I’ve mentioned before that my kids are band kids. My daughter has played trumpet since fifth grade. She named her trumpet Treena. Midway through her seventh grade year, she began taking lessons with one of the high school band directors. In the spring of her eighth grade year we learned that she had been place in Wind Ensemble as a freshman. Wind Ensemble is the highest level and gifted and talented band class. She was flattered and extremely thankful for the opportunity. My son didn’t get into that class until he was a junior in high school. She’s always the first to admit when she thinks she messed up an audition or a piece of music. Last week, they had seat placement auditions in her class. There are five trumpets. She practiced. She had lessons. Naturally when she said the audition went well I anticipated her earning at least second trumpet music. She came home yesterday and said she’d been given third trumpet music and placed in the last seat. She also said the band director advised them that second and third trumpet music would alternate.

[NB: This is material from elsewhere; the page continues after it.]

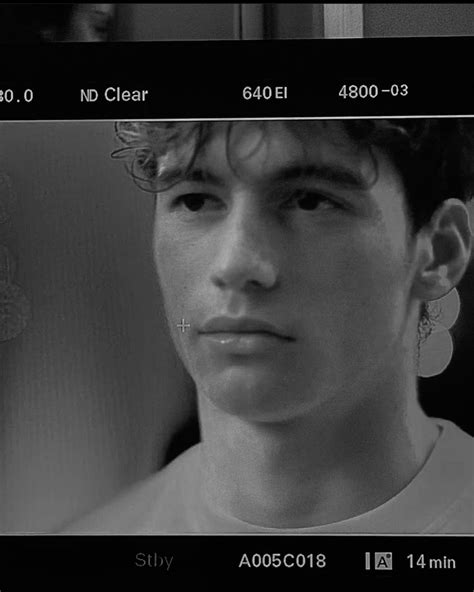 Bàch Buquen in 2025 | Bach, Just beautiful men, Pose reference photo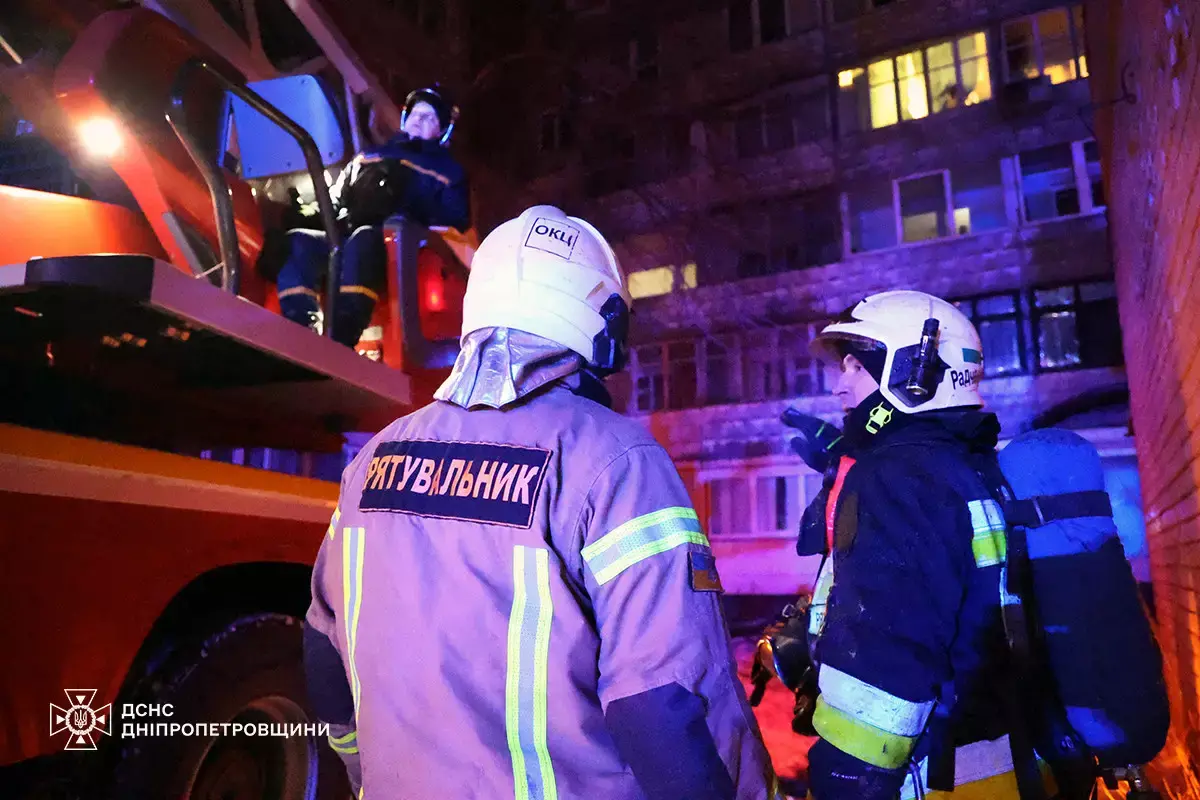 Порятунок на 15-му поверсі: у Дніпрі під час пожежі в хмарочосі евакуювали жінку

My jaw dropped and my mouth is perpetually hanging open. We don’t put pressure on our kids to achieve certain things but we do expect A’s and B’s. Also, I don’t claim that my daughter is a Miles Davis or Louis Armstrong but I know the girl can hold her own with her trumpet. Inside I’m wondering if the band director thinks my daughter stinks. It bugs me I guess because I did poorly in high school and I’m so proud of my kids because they’ve exceeded our expectations and will not go into college swimming against the current with their heads barely above water like I did.
Really though, third trumpet last seat? Instinctively I confided in one of my band parent friends who has a family music back ground and who’s sons who’d graduated in 2014 and 2015 and were also in that class. I also spoke to my son who graduated this year. Both said seat placement is a complicated matter and there’s reasons musicians are placed in certain seats and just because she’s in the last seat doesn’t mean she stinks. My friend also advised me that if it doesn’t bother her, it shouldn’t bother me. So I asked her if her seat placement bothered her. She said, “it’s just a chair”.
I admire her for that. She doesn’t sweat the small stuff. In her mind she was placed where she was placed and she accepts that. She doesn’t have to know the reason. She just wants to play her trumpet and learn challenging music. I know that her being in that class will not only enhance her trumpet playing skills, it will expand her ability to think outside of the box even more. So I’ll let it go. After all, it is just a chair.
I’m always surprised when something I think is a wrong to be righted, my son would think is no big deal. I always thought it was a male/female thing. I guess not!